The purpose of expr is to completely remove $\mu$ whixh is known to be 0 in this case.

The purpose of the Assuming first expresson is to inform Mathematica that $\sigma$ is positive real.

Perhaps, I missed something?

For the cut-and-pasters (afterwards, right click on the cell bracket and Convert to Standard Form):

expr = FullSimplify[PDF[NormalDistribution[0, \[Sigma]], x]]

1/(E^(x^2/(2*\[Sigma]^2))*(Sqrt[2*Pi]*\[Sigma]))

Assuming[Element[\[Sigma], Reals] && \[Sigma] > 0,
  Integrate[expr*Log[x^2 + 1], {x, -Infinity, Infinity}]]

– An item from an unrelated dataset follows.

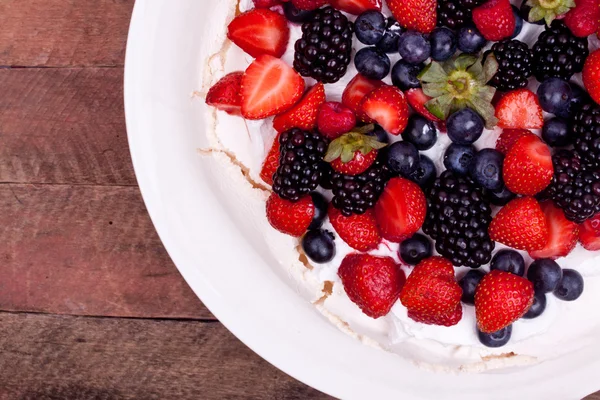 Pavlova cake with berries — Stock Photo, Image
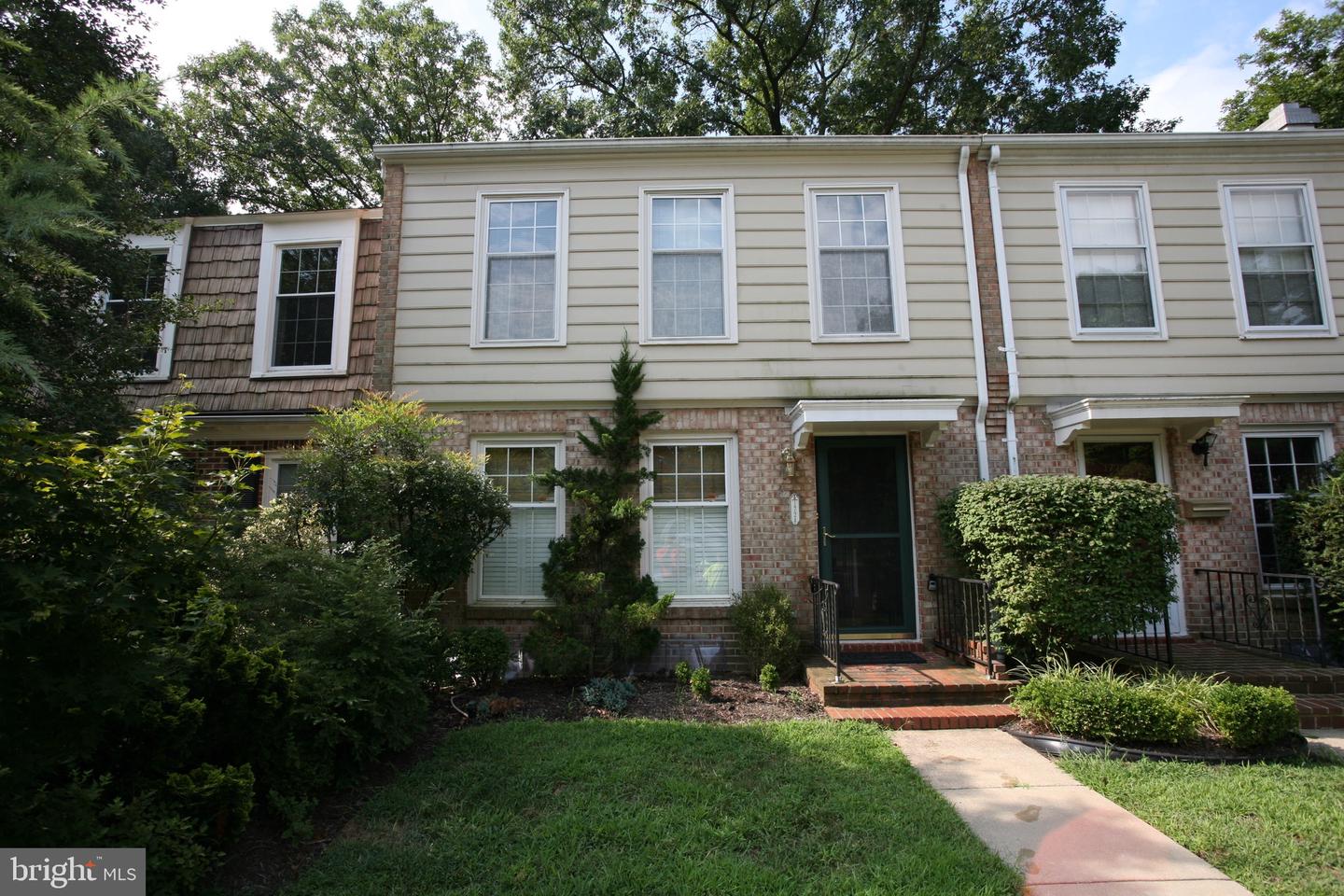 1724 Dana St Property Photo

-EulerGamma + Pi*Erfi[1/(Sqrt[2]*\[Sigma])] - 
  HypergeometricPFQ[{1, 1}, {3/2, 2}, 1/(2*\[Sigma]^2)]/
  \[Sigma]^2 - Log[2] + 2*Log[\[Sigma]]

This also works:

$\text{Assuming}\left[\mu =0,\int_{-\infty }^{\infty } \log \left(x^2+1\right) \text{PDF}[\text{NormalDistribution}[\mu ,\sigma ],x] \, dx\right]$

Assuming[\[Mu] == 0, Integrate[PDF[NormalDistribution[\[Mu], \[Sigma]], x]*  
Log[x^2 + 1], {x, -Infinity, Infinity}]]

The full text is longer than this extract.